The ship, based at Little Creek, participated in several exercises in the Caribbean and that was as far from home as his duty took him. After three years of active duty he transferred to the Ready Reserves in 1955 and participated in monthly drills, annual two-week training assignments, and readiness programs until retirement.
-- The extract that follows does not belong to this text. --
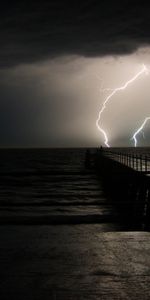 Landscape,Sea,Night,Lightning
In civilian life he worked in the Montgomery Ward managerial training program and in the Personnel Department at the Newport News Shipbuilding and Dry Dock Company. Dick was a student at Union Theological Seminary in Richmond, Virginia from 1965 through 1968 and earned a Master of Divinity degree. He held three pastorates in Presbyterian Churches in Weems and Newport News Virginia and in Martinsburg, West Virginia. While a fulltime pastor, he served as a Chaplain in the Naval Reserve and two-week training duties took him to Navy, Coast Guard, and Marine installations along the east coast of the U. S.

His memories include:

  • Baptizing the Commander-in Chief’s infant son and others on board ship using the inverted ship’s bell as a font,
  • Making pastoral calls in a boat to light houses in the Chesapeake Bay,
  • Providing housing on shipboard at Mardi-Gras in New Orleans for visiting school bands,
  • Serving twice as the Chaplain at a Coast Guard station in Borinquin, Puerto Rico in February,
  • Officiating at a burial at sea.

Dick retired from the Naval Reserves as Commander at the mandatory age of sixty. After retiring from fulltime ministry he continued work in five interim pastorates in churches in the Shenandoah Valley.

Beginning in 1968 the couple became avid campers and as time became available, they made extensive trips across the United States and Canada and visited National and State Parks, family, and friends along the way. In 2002, Dick and Jean moved to the Sunnyside Community, where they appreciated the activities and friendships and were grateful for the opportunity to continue spending time with their three children and grandchildren.